CHALLENGE - The researchers of University of Genoa, in collaboration with SISTEMAR SA, proposed a study to design and analyze a tip loaded propellers to improve full-scale propeller efficiency (lower fuel consumptions and lower emission levels to comply with environmental pollution regulations). The modified tip loaded propeller (a mix between a tip rake and a contracted and tip loaded propeller) is designed via an optimization strategy using a Boundary Elements Method (BEM), a custom parametric description of the unconventional blade geometry and an optimization algorithm within the modeFRONTIER environment.
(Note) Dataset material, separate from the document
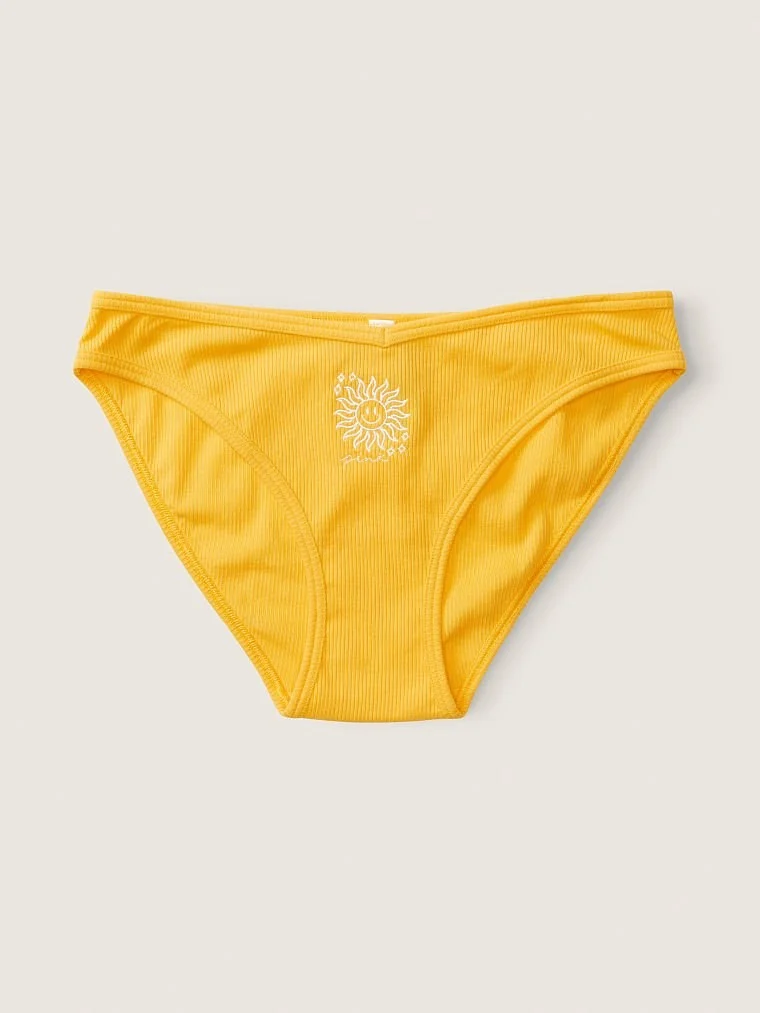 Pink Pamuk Bikini Kulot arka görünüm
SOLUTION - The design case considered in the present work exactly resembles the design of the conventional Contracted and Tip Loaded (CLT) propeller.​ The reference geometry was a six bladed propeller, designed to operate in the hull wake of delivering an average thrust coefficient of 0.215 at a cavitation index of 3.5. With respect to the reference propeller, the CLT geometry optimized on the basis on these assumptions demonstrated superior performance for all the considered merit functions. The newly designed propeller had improved efficiency with a sensible reduction of cavitation, verified by both BEM and RANSE calculations.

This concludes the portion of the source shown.